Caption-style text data
────────
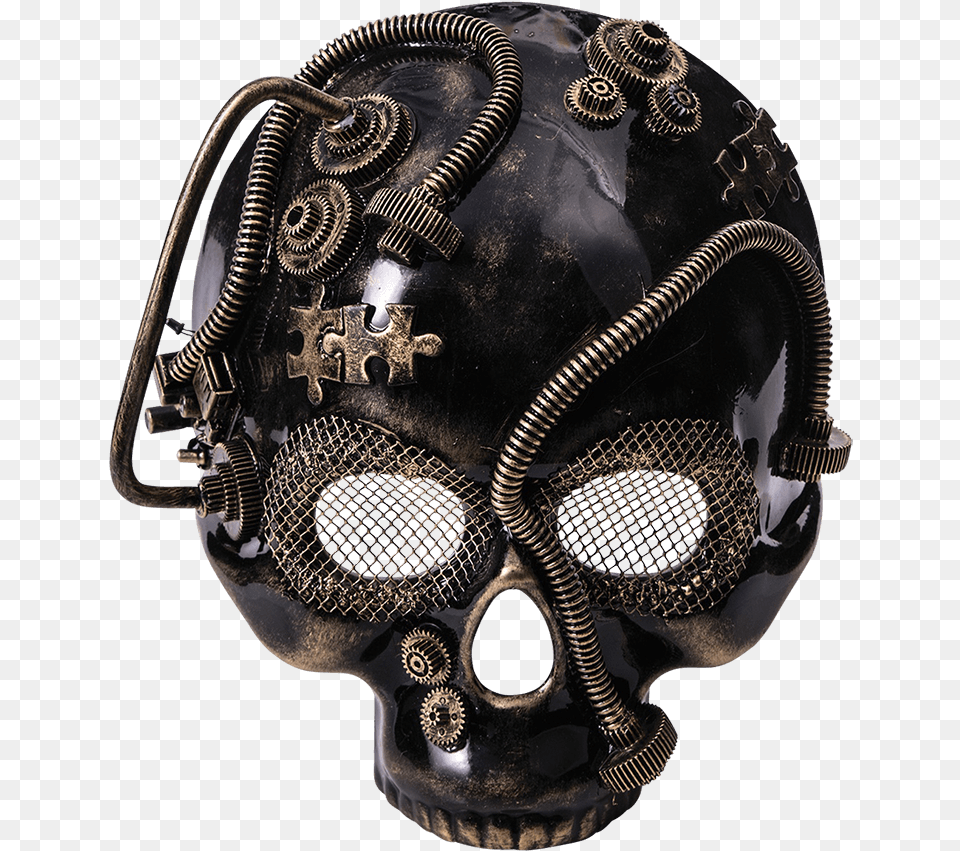 Golden Steampunk Skull Half Mask Plaster Mask Skull, Helmet, Sport, Soccer Ball, Ball Free Transparent Png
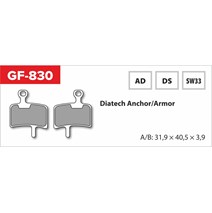 brake pads GF 830 AD MTB DIATECH (without spring, spring, cotter pins)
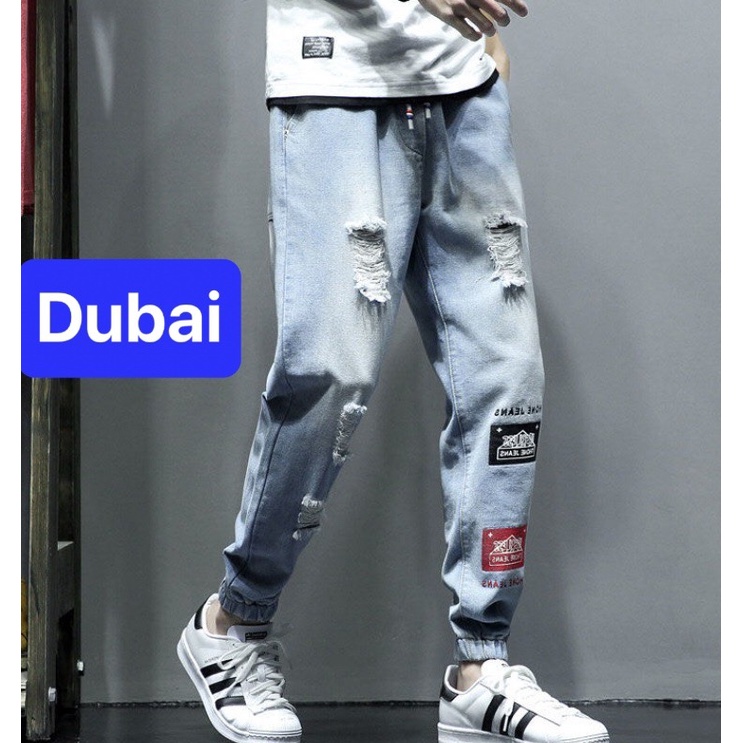 QUẦN BAGGY JEAN NAM CHẤT BÒ ỐNG RỘNG DÀI XANH RÁCH THÊU ỐNG TÚM NHẬT BẢN DB-1018,DUBAI FASHION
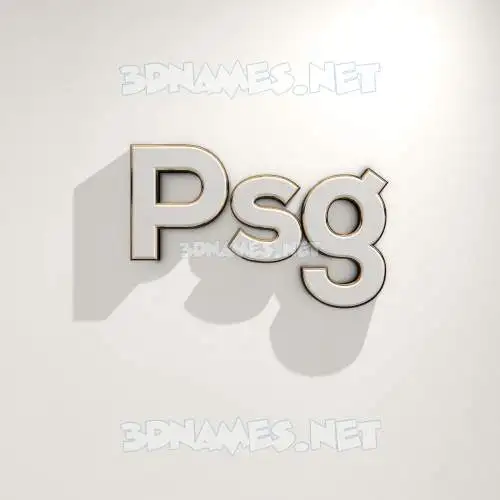 psg in White Logo Warm style - 3D name wallpaper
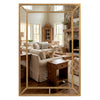 Gold wall mirror with beaded frame, 36 x 24 inches, designed for versatile hanging, perfect for enhancing any room's.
────────
▶ **Try it**
Please return only the lines from the top of the data through the line with "brake pads GF", exactly as written, and drop every picture.

▶ **Your solution**
 Golden Steampunk Skull Half Mask Plaster Mask Skull, Helmet, Sport, Soccer Ball, Ball Free Transparent Png
 brake pads GF 830 AD MTB DIATECH (without spring, spring, cotter pins)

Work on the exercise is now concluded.